• [Problem details]: Quote only the lines from the top of the listing below down to and including the line with "Blue Crush - Unisex".

• [Data provided]:
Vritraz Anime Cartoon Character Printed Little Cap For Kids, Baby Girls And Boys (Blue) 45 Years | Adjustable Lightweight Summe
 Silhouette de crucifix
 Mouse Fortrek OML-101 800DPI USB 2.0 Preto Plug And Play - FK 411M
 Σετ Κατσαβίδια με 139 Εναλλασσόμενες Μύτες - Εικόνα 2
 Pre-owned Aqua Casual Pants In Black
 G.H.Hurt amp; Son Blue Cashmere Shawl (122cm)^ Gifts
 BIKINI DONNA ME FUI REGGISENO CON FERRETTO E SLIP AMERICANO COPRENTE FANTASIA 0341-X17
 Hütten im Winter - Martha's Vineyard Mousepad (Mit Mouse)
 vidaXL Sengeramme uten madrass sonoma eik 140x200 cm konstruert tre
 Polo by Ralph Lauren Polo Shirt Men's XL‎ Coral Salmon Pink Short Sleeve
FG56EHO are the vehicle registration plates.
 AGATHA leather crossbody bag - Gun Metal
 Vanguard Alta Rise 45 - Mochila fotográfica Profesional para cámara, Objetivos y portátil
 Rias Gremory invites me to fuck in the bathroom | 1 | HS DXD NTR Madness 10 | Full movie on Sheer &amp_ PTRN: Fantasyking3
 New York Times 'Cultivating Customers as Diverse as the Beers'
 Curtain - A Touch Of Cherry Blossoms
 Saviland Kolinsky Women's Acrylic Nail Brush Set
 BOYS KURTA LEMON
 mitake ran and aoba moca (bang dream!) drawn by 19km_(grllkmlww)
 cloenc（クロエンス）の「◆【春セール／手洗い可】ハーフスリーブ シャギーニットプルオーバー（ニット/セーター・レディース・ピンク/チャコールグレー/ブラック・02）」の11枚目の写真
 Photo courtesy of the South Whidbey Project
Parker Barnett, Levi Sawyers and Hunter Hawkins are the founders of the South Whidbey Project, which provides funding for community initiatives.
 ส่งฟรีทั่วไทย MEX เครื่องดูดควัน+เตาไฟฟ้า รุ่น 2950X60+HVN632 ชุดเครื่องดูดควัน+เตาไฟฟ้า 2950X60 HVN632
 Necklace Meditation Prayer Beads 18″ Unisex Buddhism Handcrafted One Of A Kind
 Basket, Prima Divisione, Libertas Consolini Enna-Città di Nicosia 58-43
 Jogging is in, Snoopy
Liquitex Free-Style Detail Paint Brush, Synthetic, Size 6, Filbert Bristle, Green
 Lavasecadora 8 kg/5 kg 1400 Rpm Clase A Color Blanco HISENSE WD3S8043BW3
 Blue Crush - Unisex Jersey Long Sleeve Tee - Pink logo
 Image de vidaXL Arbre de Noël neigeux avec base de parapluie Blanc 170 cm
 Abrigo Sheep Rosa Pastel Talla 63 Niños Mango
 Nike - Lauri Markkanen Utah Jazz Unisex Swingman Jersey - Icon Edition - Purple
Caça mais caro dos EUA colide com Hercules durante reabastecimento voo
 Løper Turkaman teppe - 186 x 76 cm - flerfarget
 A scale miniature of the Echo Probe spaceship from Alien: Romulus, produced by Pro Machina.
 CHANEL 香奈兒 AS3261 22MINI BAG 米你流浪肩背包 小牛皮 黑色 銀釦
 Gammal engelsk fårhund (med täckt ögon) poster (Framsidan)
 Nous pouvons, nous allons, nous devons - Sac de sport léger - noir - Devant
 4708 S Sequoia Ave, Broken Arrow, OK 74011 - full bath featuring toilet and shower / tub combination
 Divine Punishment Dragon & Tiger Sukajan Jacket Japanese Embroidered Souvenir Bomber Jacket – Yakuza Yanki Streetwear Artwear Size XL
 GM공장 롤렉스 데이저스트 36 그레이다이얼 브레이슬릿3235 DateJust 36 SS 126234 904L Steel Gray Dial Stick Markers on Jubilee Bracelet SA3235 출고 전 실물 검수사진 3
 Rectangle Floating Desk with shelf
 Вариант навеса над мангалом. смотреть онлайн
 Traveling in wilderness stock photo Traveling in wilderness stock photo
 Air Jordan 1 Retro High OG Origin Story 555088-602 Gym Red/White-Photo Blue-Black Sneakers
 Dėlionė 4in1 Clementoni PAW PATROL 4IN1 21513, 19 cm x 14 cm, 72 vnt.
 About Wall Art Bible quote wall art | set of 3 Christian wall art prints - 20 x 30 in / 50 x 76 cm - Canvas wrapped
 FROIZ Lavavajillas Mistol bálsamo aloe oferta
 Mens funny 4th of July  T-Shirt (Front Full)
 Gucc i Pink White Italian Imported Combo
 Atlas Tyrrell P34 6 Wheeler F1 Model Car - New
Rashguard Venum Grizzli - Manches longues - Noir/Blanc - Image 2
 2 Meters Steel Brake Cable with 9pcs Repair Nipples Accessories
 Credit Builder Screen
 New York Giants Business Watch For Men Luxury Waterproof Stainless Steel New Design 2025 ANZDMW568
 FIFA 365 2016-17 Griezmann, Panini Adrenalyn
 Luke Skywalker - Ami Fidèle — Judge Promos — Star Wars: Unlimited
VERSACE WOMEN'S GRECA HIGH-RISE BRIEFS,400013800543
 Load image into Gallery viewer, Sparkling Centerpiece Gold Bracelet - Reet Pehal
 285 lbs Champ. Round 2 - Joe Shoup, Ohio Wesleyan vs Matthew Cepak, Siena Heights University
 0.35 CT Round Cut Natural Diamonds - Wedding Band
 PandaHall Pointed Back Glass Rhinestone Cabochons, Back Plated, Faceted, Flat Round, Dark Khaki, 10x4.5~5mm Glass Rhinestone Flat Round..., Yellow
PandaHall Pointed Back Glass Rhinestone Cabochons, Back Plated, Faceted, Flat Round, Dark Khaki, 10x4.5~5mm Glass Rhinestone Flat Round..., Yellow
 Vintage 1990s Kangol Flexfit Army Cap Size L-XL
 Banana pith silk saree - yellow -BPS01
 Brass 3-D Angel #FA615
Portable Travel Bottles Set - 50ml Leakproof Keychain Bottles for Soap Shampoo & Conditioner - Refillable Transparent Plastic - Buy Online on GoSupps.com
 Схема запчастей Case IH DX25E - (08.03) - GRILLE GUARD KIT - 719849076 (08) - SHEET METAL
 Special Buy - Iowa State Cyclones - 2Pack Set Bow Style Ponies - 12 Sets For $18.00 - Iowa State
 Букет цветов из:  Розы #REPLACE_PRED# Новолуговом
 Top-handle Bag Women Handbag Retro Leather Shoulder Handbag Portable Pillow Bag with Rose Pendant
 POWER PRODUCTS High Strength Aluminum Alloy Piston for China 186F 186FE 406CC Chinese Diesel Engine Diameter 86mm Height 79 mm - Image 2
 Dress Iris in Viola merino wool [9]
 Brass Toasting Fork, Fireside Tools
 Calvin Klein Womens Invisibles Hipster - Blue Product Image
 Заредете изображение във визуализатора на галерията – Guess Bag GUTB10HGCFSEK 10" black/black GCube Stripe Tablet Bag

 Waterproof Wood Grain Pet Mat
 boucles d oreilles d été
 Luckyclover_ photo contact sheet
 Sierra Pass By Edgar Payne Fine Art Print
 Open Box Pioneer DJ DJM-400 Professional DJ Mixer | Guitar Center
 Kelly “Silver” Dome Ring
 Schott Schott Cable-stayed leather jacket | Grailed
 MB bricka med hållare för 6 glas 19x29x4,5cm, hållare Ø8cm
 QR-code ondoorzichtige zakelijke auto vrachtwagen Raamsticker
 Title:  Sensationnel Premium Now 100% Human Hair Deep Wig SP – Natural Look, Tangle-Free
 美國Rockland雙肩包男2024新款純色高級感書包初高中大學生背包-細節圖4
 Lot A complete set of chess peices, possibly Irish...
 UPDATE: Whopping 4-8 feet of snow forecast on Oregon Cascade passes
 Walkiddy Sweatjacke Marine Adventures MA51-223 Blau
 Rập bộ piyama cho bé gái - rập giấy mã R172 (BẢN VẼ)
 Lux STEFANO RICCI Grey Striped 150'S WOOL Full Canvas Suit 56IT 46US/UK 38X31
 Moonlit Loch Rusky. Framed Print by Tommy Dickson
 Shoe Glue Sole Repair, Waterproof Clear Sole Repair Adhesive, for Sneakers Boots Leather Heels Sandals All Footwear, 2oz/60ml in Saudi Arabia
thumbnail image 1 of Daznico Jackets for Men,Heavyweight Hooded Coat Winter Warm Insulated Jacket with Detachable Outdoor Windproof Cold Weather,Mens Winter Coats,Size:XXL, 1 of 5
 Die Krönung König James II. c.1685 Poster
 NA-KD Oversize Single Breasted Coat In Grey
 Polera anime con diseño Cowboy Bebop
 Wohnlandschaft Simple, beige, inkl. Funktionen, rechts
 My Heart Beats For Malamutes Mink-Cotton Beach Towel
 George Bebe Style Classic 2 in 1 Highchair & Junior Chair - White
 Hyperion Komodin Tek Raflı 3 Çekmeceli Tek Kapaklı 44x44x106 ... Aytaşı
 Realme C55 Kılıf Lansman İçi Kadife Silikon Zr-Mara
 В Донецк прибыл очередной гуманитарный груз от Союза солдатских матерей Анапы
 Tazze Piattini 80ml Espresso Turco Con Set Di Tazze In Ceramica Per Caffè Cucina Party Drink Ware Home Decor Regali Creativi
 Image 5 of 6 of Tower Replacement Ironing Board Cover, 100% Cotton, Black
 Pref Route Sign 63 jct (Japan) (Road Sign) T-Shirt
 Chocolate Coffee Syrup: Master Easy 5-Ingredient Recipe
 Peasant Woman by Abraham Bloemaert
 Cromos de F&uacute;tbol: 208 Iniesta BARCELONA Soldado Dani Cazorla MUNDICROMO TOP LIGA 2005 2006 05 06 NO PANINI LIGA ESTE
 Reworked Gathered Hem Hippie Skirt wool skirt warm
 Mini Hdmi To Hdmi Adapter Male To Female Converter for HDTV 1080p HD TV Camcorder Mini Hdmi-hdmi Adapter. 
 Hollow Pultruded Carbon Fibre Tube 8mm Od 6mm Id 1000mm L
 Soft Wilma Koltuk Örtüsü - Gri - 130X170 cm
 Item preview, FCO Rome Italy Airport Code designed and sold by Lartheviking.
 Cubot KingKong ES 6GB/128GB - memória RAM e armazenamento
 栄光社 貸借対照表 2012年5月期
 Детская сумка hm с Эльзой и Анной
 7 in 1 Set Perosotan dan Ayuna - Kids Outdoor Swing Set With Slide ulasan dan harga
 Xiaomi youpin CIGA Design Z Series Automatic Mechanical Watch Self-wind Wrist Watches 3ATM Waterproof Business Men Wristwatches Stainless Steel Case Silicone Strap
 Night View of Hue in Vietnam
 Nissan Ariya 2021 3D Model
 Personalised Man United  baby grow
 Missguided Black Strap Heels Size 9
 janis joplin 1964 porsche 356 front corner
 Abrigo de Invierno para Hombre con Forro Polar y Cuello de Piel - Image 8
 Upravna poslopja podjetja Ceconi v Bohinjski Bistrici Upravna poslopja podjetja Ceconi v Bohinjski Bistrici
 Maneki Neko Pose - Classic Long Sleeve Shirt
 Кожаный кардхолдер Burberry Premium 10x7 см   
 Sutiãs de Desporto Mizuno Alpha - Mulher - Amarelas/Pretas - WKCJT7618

• [Exercise output]:
Vritraz Anime Cartoon Character Printed Little Cap For Kids, Baby Girls And Boys (Blue) 45 Years | Adjustable Lightweight Summe
 Silhouette de crucifix
 Mouse Fortrek OML-101 800DPI USB 2.0 Preto Plug And Play - FK 411M
 Σετ Κατσαβίδια με 139 Εναλλασσόμενες Μύτες - Εικόνα 2
 Pre-owned Aqua Casual Pants In Black
 G.H.Hurt amp; Son Blue Cashmere Shawl (122cm)^ Gifts
 BIKINI DONNA ME FUI REGGISENO CON FERRETTO E SLIP AMERICANO COPRENTE FANTASIA 0341-X17
 Hütten im Winter - Martha's Vineyard Mousepad (Mit Mouse)
 vidaXL Sengeramme uten madrass sonoma eik 140x200 cm konstruert tre
 Polo by Ralph Lauren Polo Shirt Men's XL‎ Coral Salmon Pink Short Sleeve
FG56EHO are the vehicle registration plates.
 AGATHA leather crossbody bag - Gun Metal
 Vanguard Alta Rise 45 - Mochila fotográfica Profesional para cámara, Objetivos y portátil
 Rias Gremory invites me to fuck in the bathroom | 1 | HS DXD NTR Madness 10 | Full movie on Sheer &amp_ PTRN: Fantasyking3
 New York Times 'Cultivating Customers as Diverse as the Beers'
 Curtain - A Touch Of Cherry Blossoms
 Saviland Kolinsky Women's Acrylic Nail Brush Set
 BOYS KURTA LEMON
 mitake ran and aoba moca (bang dream!) drawn by 19km_(grllkmlww)
 cloenc（クロエンス）の「◆【春セール／手洗い可】ハーフスリーブ シャギーニットプルオーバー（ニット/セーター・レディース・ピンク/チャコールグレー/ブラック・02）」の11枚目の写真
 Photo courtesy of the South Whidbey Project
Parker Barnett, Levi Sawyers and Hunter Hawkins are the founders of the South Whidbey Project, which provides funding for community initiatives.
 ส่งฟรีทั่วไทย MEX เครื่องดูดควัน+เตาไฟฟ้า รุ่น 2950X60+HVN632 ชุดเครื่องดูดควัน+เตาไฟฟ้า 2950X60 HVN632
 Necklace Meditation Prayer Beads 18″ Unisex Buddhism Handcrafted One Of A Kind
 Basket, Prima Divisione, Libertas Consolini Enna-Città di Nicosia 58-43
 Jogging is in, Snoopy
Liquitex Free-Style Detail Paint Brush, Synthetic, Size 6, Filbert Bristle, Green
 Lavasecadora 8 kg/5 kg 1400 Rpm Clase A Color Blanco HISENSE WD3S8043BW3
 Blue Crush - Unisex Jersey Long Sleeve Tee - Pink logo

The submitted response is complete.